Chronicles of Jerahmeel, by M. Gaster [1899], at sacred-texts.com
LXI. (1) The banishment brought about by Titus, Vespasianus, and Hadrian, occurred on the eve of the ninth of Ab, on the outgoing of the Sabbath and the Sabbatical year. The Levites were then occupied with their ministrations, and, with their harps in their hands, were singing their hymns. But Scripture saith, 'He hath brought upon them their own iniquity, and shall cut them off in their own evil.' The words 'He shall cut them off' were not yet fully uttered ere their enemies came upon them, slaughtered many of them, and sent the rest into exile. Thus, also, when Nebuchadnezzar the wicked sent them into exile it fell upon the eve of the ninth of Ab, the outgoing of the Sabbatical year and the Sabbath, when the Levites were standing on their 'Duchan,' being sixty myriads in number, who were, moreover, of the seed
of Moses our instructor. While the harps were in their hands, the verse 'He hath brought upon them their own iniquity, and shall cut them off in their own evil,' was not yet fully uttered, ere the enemy came and exiled them to Babylon. When they arrived in Babylon, their enemies and captors said to them, 'Sing us a song of Zion.' And they replied, 'How can we sing a song of Zion upon strange ground?'
(2) 'Now,' retorted their captors, 'ye shall sing by force.' But they at once cut off their fingers with their teeth, and cast them before them. And they replied, 'How can those fingers which struck the strings of the harps in the temple strike them here in a strange land?' And God exclaimed, 'If I forget Jerusalem, My right hand shall be forgotten.'
(3) A cloud then descended, and lifting all the children of Moses, with their sheep and cattle, brought them to the east of Havila. In the night they were let down, and on that same night they heard a great noise surrounding them, like that of a river, without seeing a drop of water descending, but heard only the rolling of stones and sand, where there had never been a river. This river then rolled great stones, and the sand, without any water, made a noise as of a great earthquake, so that if anyone came near that river, he was dashed to pieces. This continued until the Sabbath. The river they called Sabbatyon or Sabbatianus. In some part the river is less than sixty cubits in width; there the people stand and speak with those of the other side. On the Sabbath it ceases to flow, and on the eve of Sabbath a cloud descends full of smoke. No one is able to approach them, neither do they approach us. There are no wild beasts, no unclean animals, nor any reptiles or creeping things; nothing except their flocks and herds.
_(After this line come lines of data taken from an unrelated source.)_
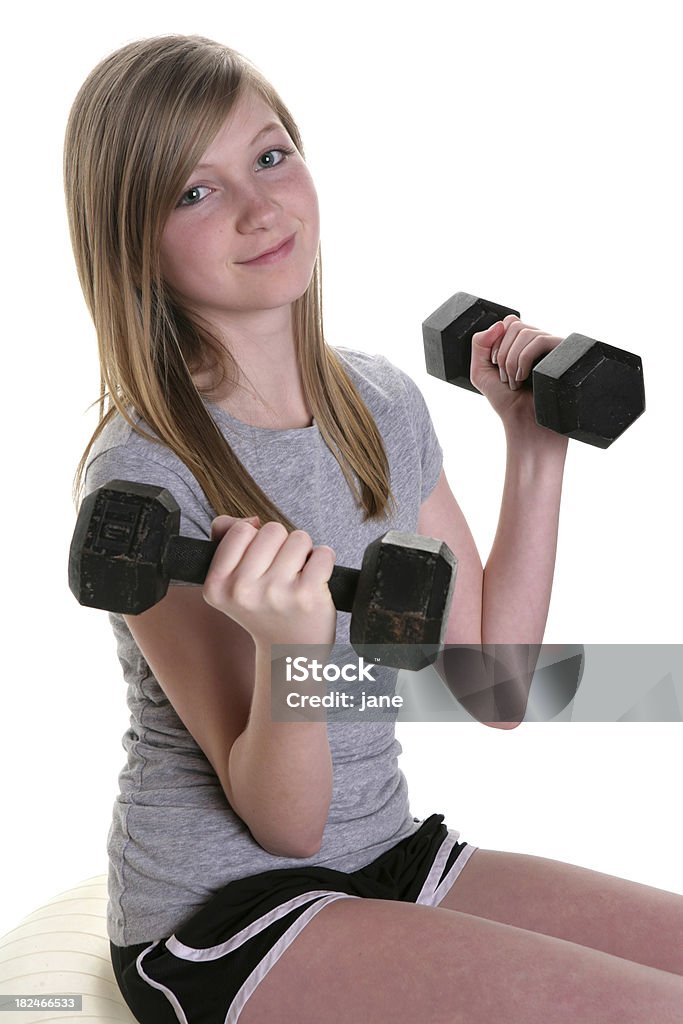 Chica con pesas - Foto de stock de 14-15 años libre de derechos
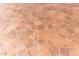 Textured tile patio floor offers unique texture and color for outdoor living at 8011 E Milagro Ave, Mesa, AZ 85209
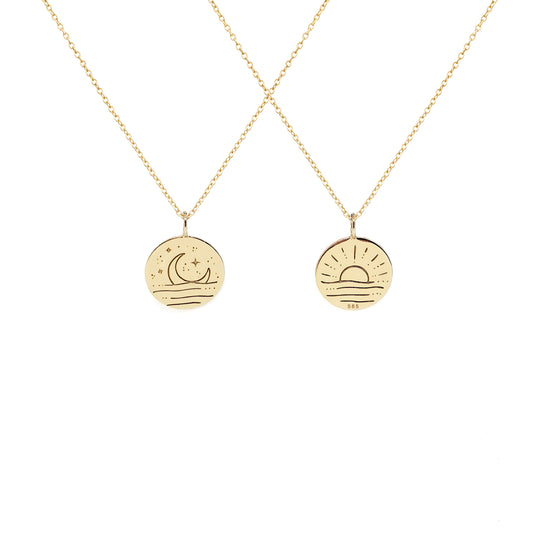 solid yellow gold necklace with reversible pendant engraved with a moon on one side and a sun on the other side 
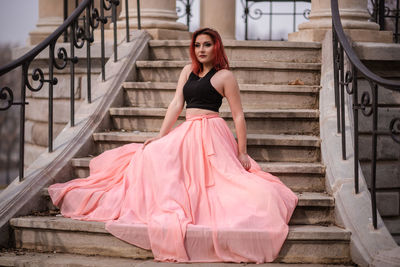 Portrait of young woman on staircase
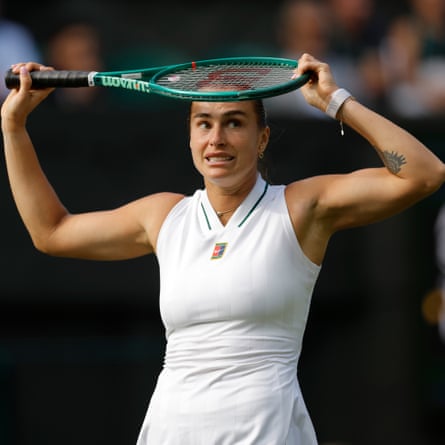 Aryna Sabalenka puts her racket on her head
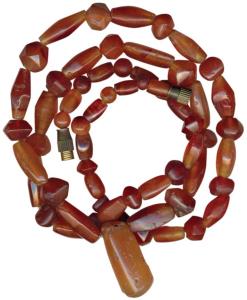 Ancient Beads, (c.100-1000 BC), probably used for jewellery. A newly strung necklace made 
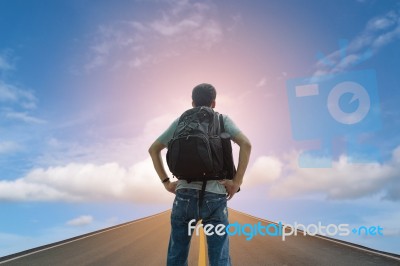Backpacker Standing On The Road Stock Photo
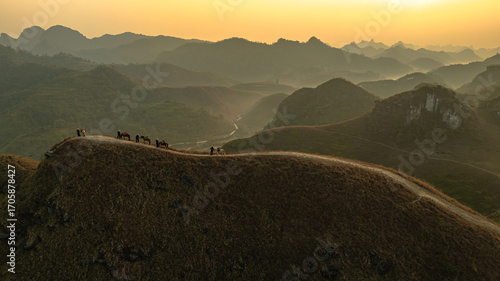 Foto Dawn on the high mountain peaks of Ha Lang area, with pack horses and people going to work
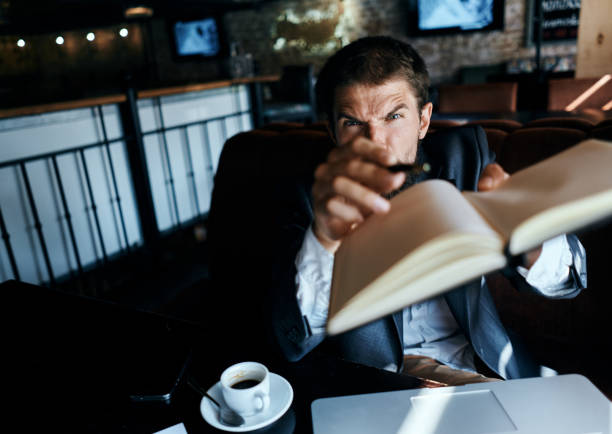 Business man sitting in a cafe in front of a laptop with a cup of coffee work technology lifestyle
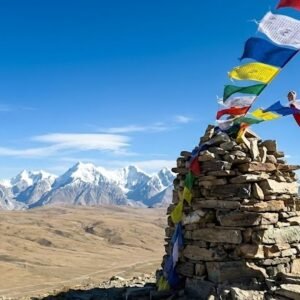 Trekker standing at the summit cairn of Shimshal Pass at 4,735m with prayer flags and vast Pamir plateau stretching behind, northern Pakistan
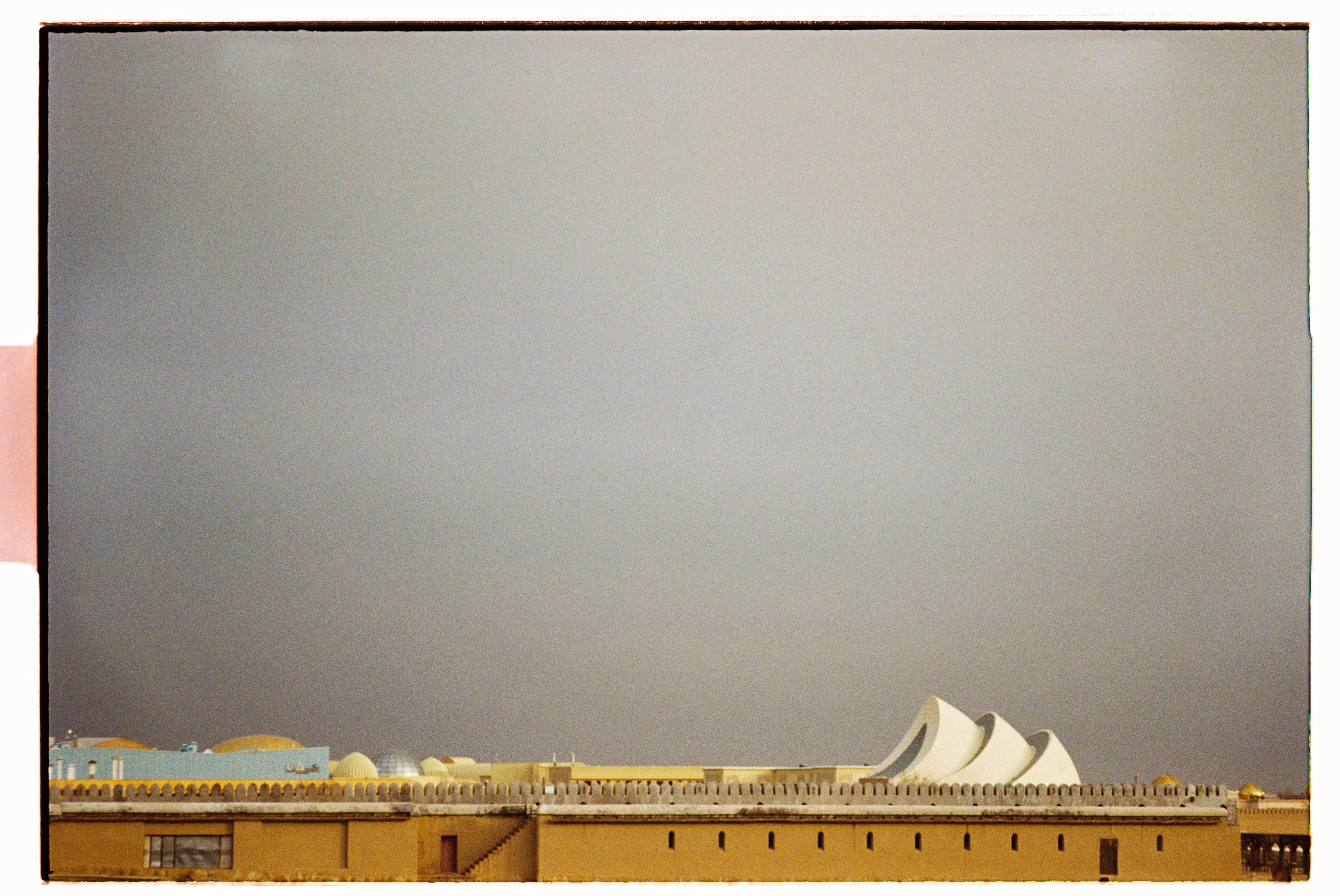 Overcast urban skyline featuring unique modern architecture.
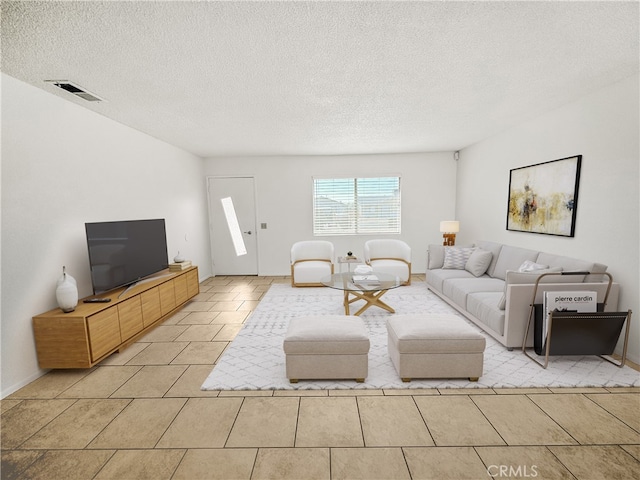 tiled living room with a textured ceiling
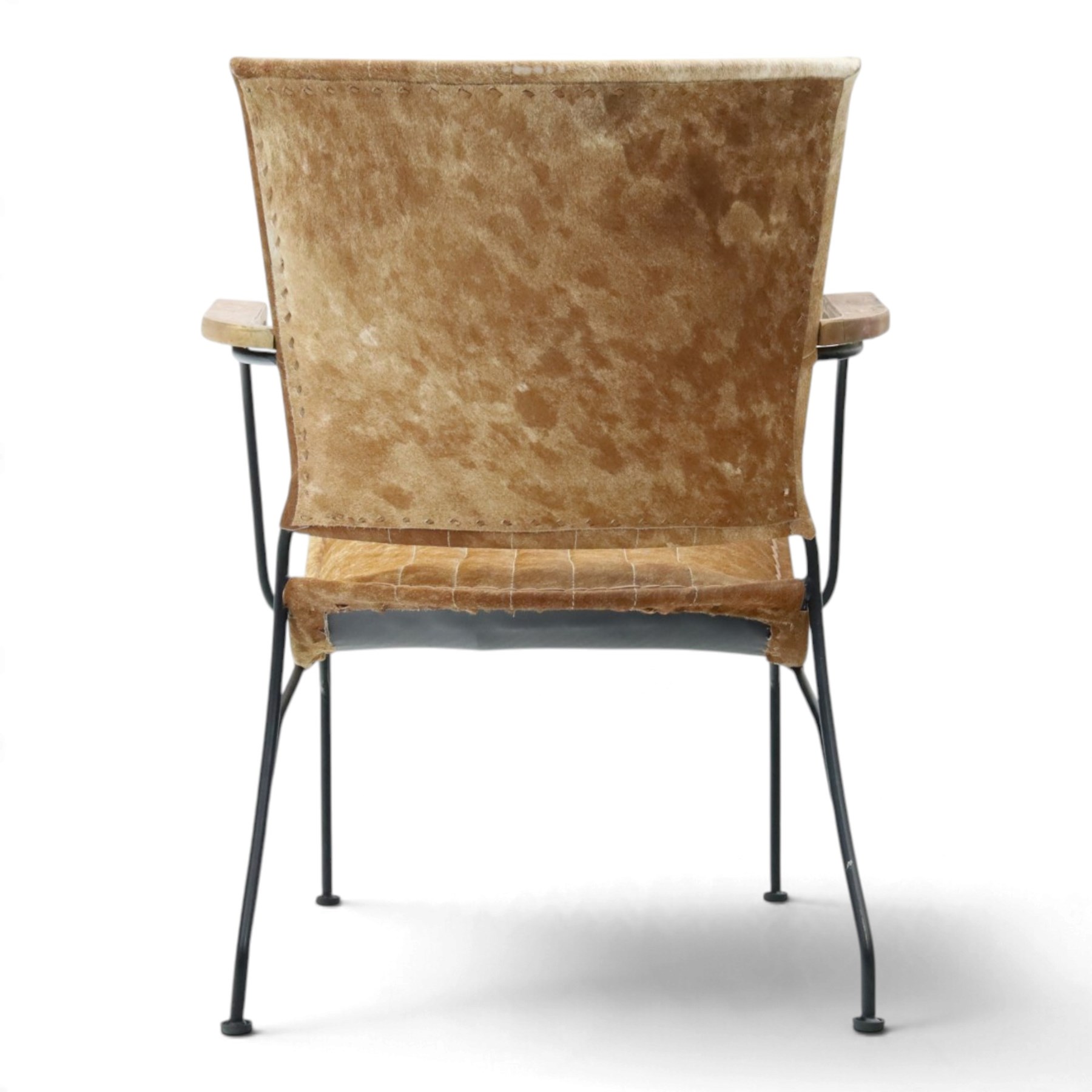 Mid century style cocktail cowhide chair, upholstered in tan cowhide, rectangular back and curved seat with stitched panels and laced borders, shaped wooden armrests on curved black metal supports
(4) They reap and sow, and they ask the others, and thus they learned of the destruction of the second temple. Behind the sons of Moses we do not know who may be dwelling; but Naphtali, Gad, and Asher came to Dan after the destruction of the second temple; for Isaachar, who lived at the mountains of the deep, quarrelled with them and
called them 'the sons of the handmaids.' At length, being afraid lest they be coming to battle, those three tribes went away until they came to Dan, and these four tribes were thus living in one place.